ChemInform Abstract: Emerging Complexities of APOBEC3G Action on Immunity and Viral Fitness During HIV Infection and Treatment

Immunology and Infectious Diseases Program, Division of Biomedical Sciences, Faculty of Medicine, Memorial University of Newfoundland, Newfoundland, Canada.
Retrovirology (Impact Factor: 4.19). 04/2012; 9(31):35. DOI: 10.1186/1742-4690-9-35
Source: PubMed


The enzyme APOBEC3G (A3G) mutates the human immunodeficiency virus (HIV) genome by converting deoxycytidine (dC) to deoxyuridine (dU) on minus strand viral DNA during reverse transcription. A3G restricts viral propagation by degrading or incapacitating the coding ability of the HIV genome. Thus, this enzyme has been perceived as an innate immune barrier to viral replication whilst adaptive immunity responses escalate to effective levels. The discovery of A3G less than a decade ago led to the promise of new anti-viral therapies based on manipulation of its cellular expression and/or activity.

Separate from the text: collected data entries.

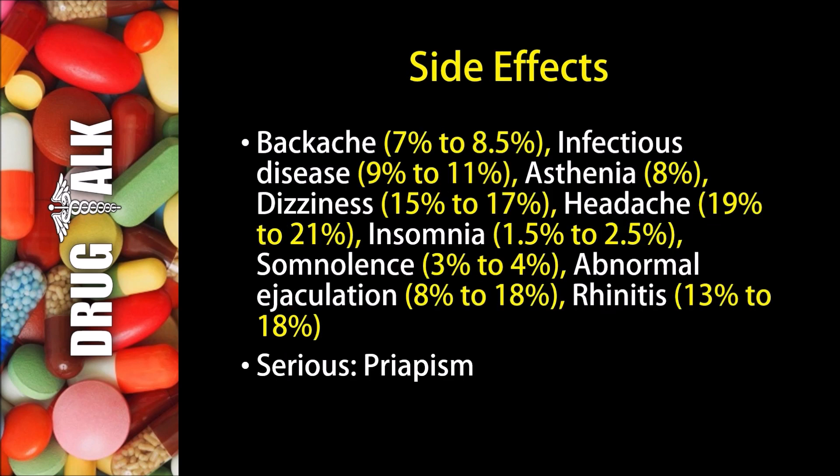As with all medications, there are some side effects or adverse reactions that patients may experience while using Tamsulosin or Flomax. A backache may occur 7 to 8.5 percent of the time, and 9 to 11 percent of patients may develop an infectious disease. Asthenia or abnormal weakness may happen in 8 percent of patients, and dizziness may happen 15 to 17 percent of the time. 19 to 21 percent of patients may develop a headache, and 1.5 to 2.5 percent may develop insomnia. Somnolence may occur 3 to 4 percent of the time, and abnormal ejaculation may happen 8 to 18 percent of the time. Rhinitis may happen 13 to 18 percent of the time. A more rare but serious side effect would be priapism.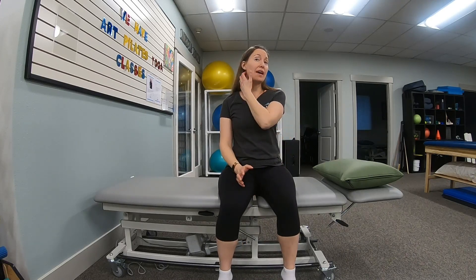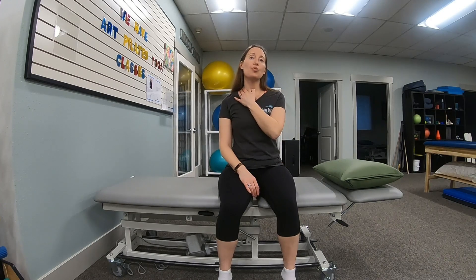Most common is neck pain on the same side, where patients will complain of it hurts to side bend to one side, it might hurt to bring the head up and look up at the ceiling on that side. There might be shoulder pain that radiates from the top of the shoulder down into the shoulder blade, up into the neck, and sometimes even to the pec muscle. Rarely will it travel down the arm, but occasionally you can have symptoms that travel down the arm.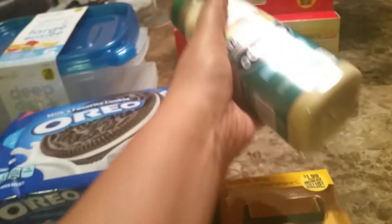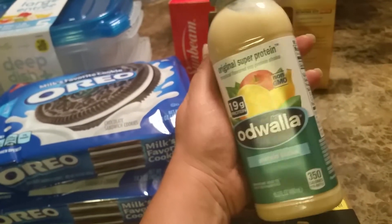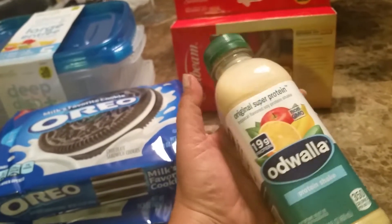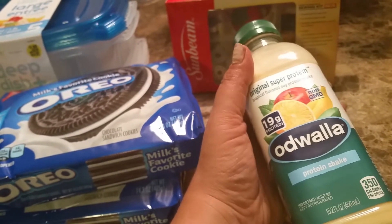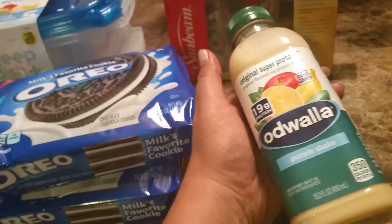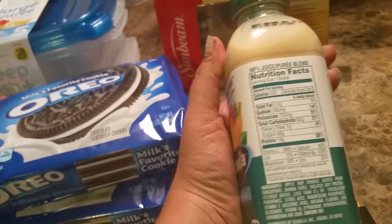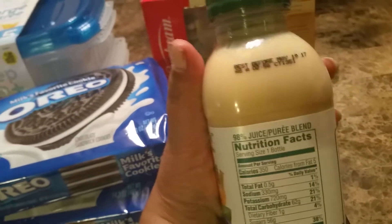I did pick up this Odwalla protein shake. It's 19 grams of protein. I love this brand, and I noticed that they usually carry them there — they're not expired at all. They tend to carry a lot of them in different flavors. So I usually buy this, and I figured I would try this flavor. It does expire May 19, which I plan to use right away.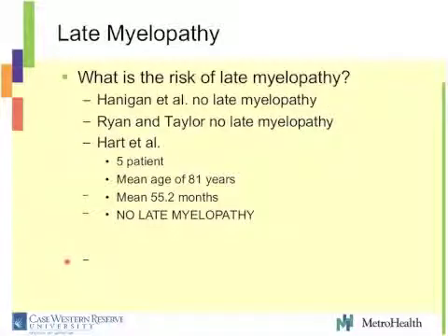The question posed by Dr. Harrop is: if you just wait long enough, do these patients present with late myelopathy? That is indeed a risk in a patient with a stable nonunion. But let's look at the literature. The Hannigan paper: no late myelopathy. Ryan and Taylor paper: no late myelopathy. Hart's paper — only five patients, octogenarians, followed for 55 months — no late myelopathy. So at least there are some studies, though poor quality, showing that stable nonunion is a good outcome with no late myelopathy.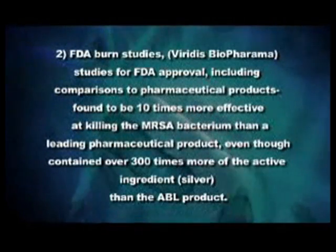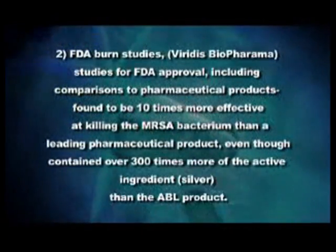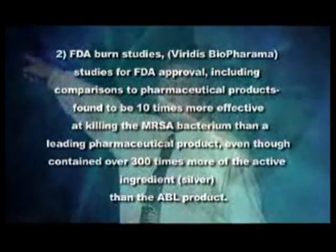FDA burn studies — we have done a boatload. One of the questions that comes up is: what makes you think this silver product is any better than any other silver product? In test number two, we went up against a pharmaceutical product, head-to-head, against MRSA — the nastiest pathogen you find in hospitals. That pharmaceutical product was a silver product. It had 300 times the amount of silver that our product had. We killed the MRSA in a half hour. It took them over five hours with 300 times more silver. So if the question is, are we better than other silver products and can we prove it — yeah, I can.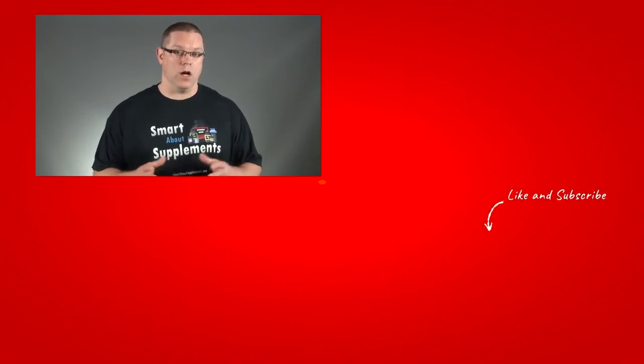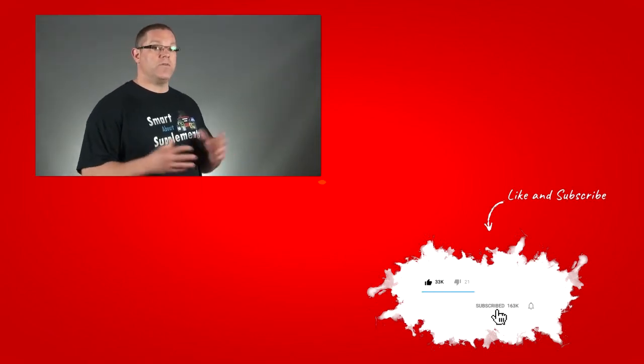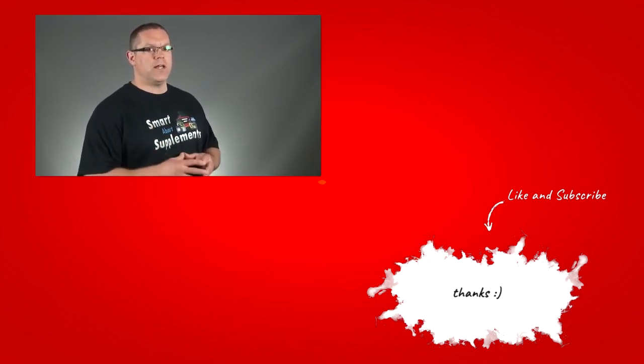Alright everyone, there you have it — the differences between whey protein concentrate and isolate. Thanks so much for watching. Be sure to check in the description under the video for links to supporting clinical studies. I include these so you can check my work and do a little more research if you like. If you have a question or a comment, please leave it below and I will get to it as soon as I am able. If you liked this video, a thumbs up or a share would be awesome. If you hated it, thumb it down — I want to know what you think, good or bad. If you want to be updated whenever we post new videos, make sure to hit that subscribe button. Thanks again, and I'll see you really soon.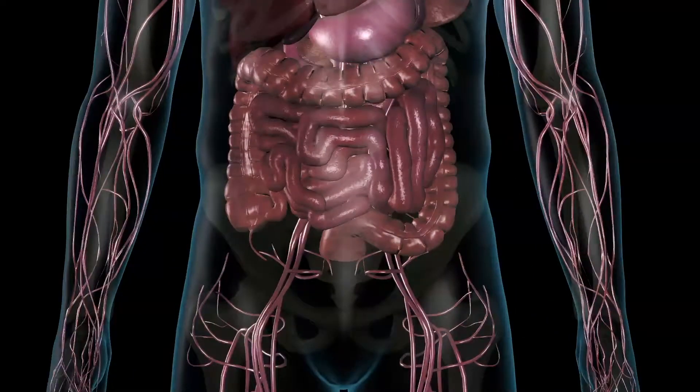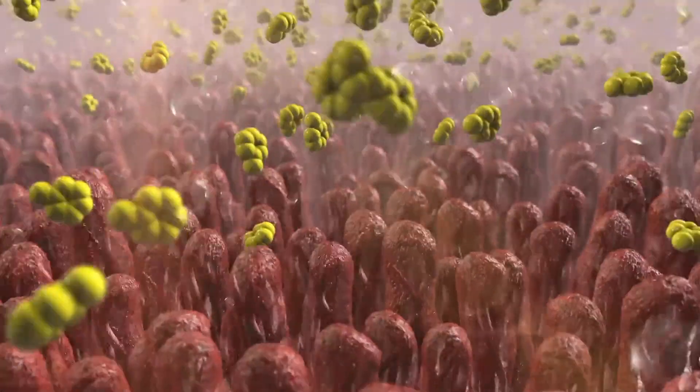Probiotic supplements commonly contain human strain bacteria, but these strains don't actually contain human byproducts or ingredients. They're simply strains of beneficial bacteria that have been found to live in the human digestive tract, meaning they're already adapted to thrive in the human gut.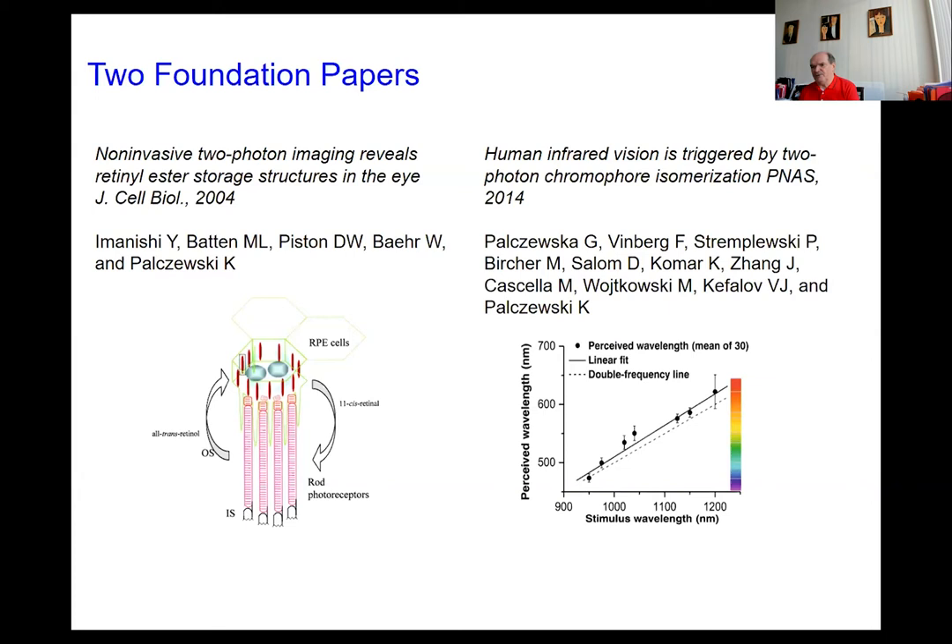The basis for both projects were prior publications — one in the journal Cell Biology by Imanishi, my postdoctoral fellow at that time, who applied two-photon imaging for the first time to mouse eyes. What he discovered is a specific structure of the retina called the retinosome, present in RPE cells, which really opened up the possibility of imaging at the sub-cellular level. The second paper was published in PNAS in 2014, where we quantified and provided absolute proof that two-photon excitation can also cause isomerization of rhodopsin.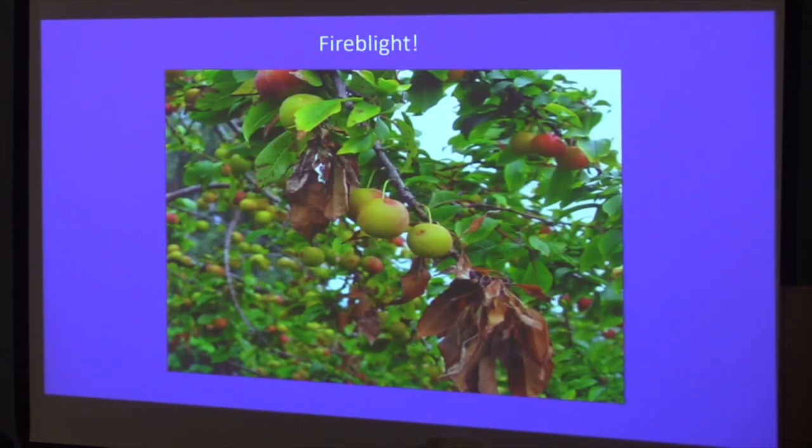We're seeing much more fire blight, a bacterial disease that used to be mainly a mid-Atlantic state problem — New York, Pennsylvania — where it's warmer and wetter. I think climate change has made Vermont warmer and wetter, so we're seeing a lot more of it here. It can wipe out a young orchard; it's really devastating. Commercial growers can use streptomycin, but using antibiotics on food crops is not ideal. Fire blight attacks anything in the Rosaceae family: apples, pears — especially susceptible — raspberries, mountain ash, and cotoneaster.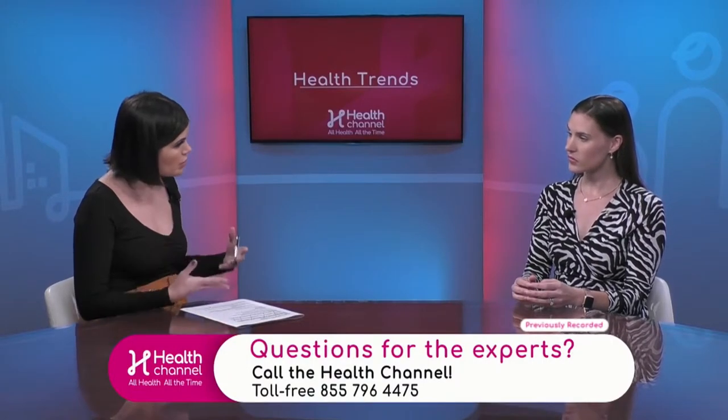So when you're on certain medications, it is important to monitor thyroid function. When someone has hypothyroidism, do symptoms appear right away — how would a patient know they have it? It's interesting — a lot of patients experience symptoms slowly, so it's a slow process.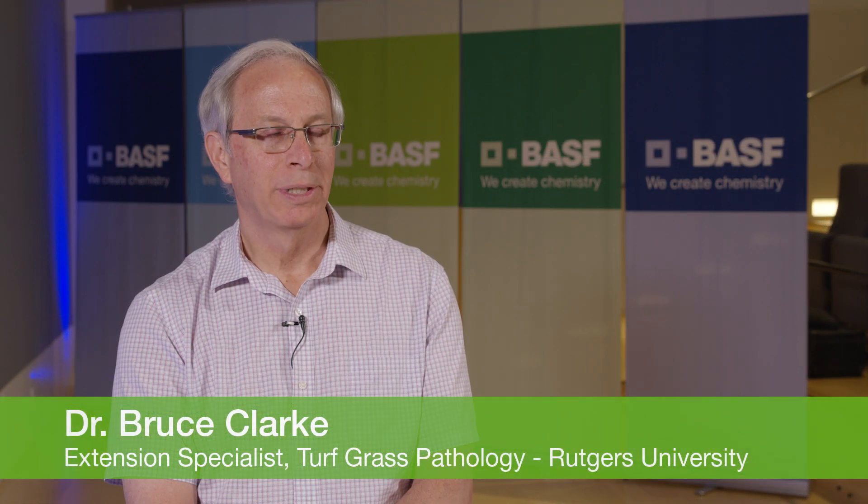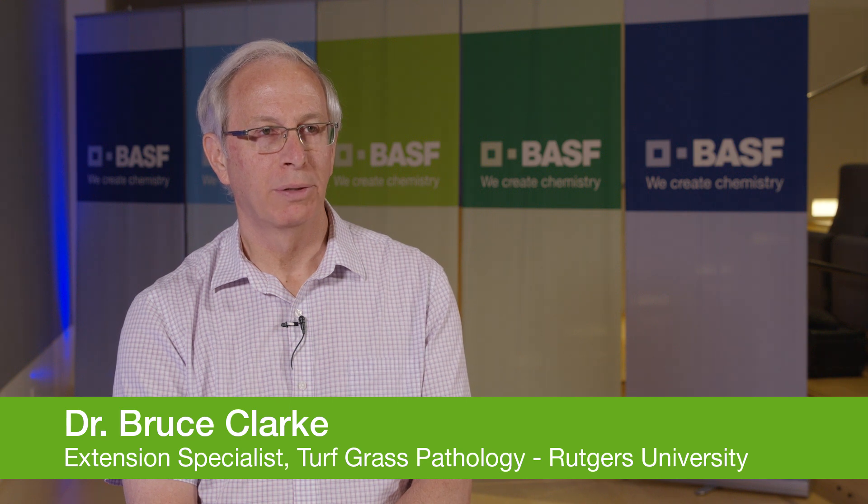My name is Dr. Bruce Clark. I'm the Extension Specialist in Turfgrass Pathology at Rutgers University. I've been working at Rutgers for about 37 years, and I work on cool season grass diseases, foliar, and root-infecting pathogens.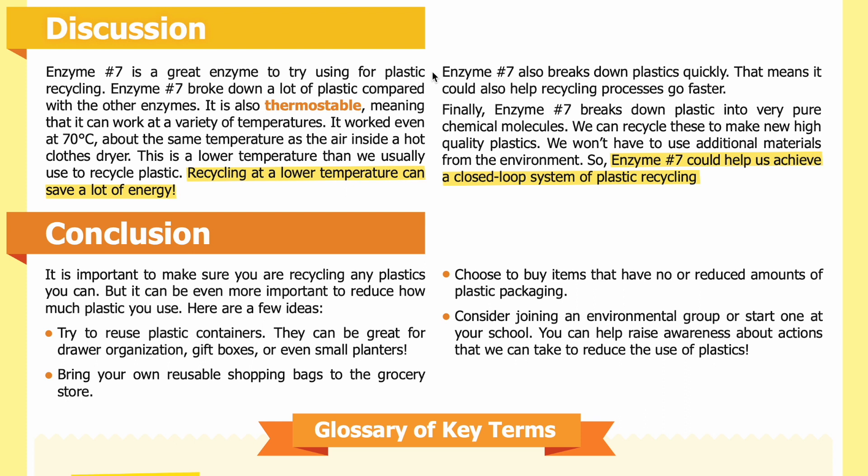Looking at the graph, how many times more effective was enzyme number seven than the second most effective enzyme? Discussion: Enzyme number seven is a great candidate for plastic recycling. It broke down a lot of plastic compared with the other enzymes, and it is thermostable, meaning it can work at a variety of temperatures — even at 70 degrees Celsius, about the same temperature as the air inside a hot clothes dryer. This is a lower temperature than we usually use to recycle plastic, so recycling at this lower temperature can save a lot of energy. Enzyme number seven also breaks down plastics quickly, which could help recycling processes go faster. Finally, it breaks down plastic into very pure chemical molecules that can be recycled into new high-quality plastics without needing additional materials from the environment — helping us achieve a closed loop system.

The rationale for therapeutic approaches has been solidified by demonstration of the effectiveness of A3G in diminishing viral replication in cell culture systems of HIV infection, reports of its mutational footprint in virions from patients, and recognition of its unusually robust enzymatic potential in biochemical studies in vitro. Despite its effectiveness in various experimental systems, numerous recent studies have shown that the ability of A3G to combat HIV in the physiological setting is severely limited. In fact, it has become apparent that its mutational activity may actually enhance viral fitness by accelerating HIV evolution towards the evasion of both anti-viral drugs and the immune system. This body of work suggests that the role of A3G in HIV infection is more complex than heretofore appreciated and supports the hypothesis that HIV has evolved to exploit the action of this host factor. Here we present an overview of recent data that bring to light historical overestimation of A3G's standing as a strictly anti-viral agent. We discuss the limitations of experimental systems used to assess its activities as well as caveats in data interpretation.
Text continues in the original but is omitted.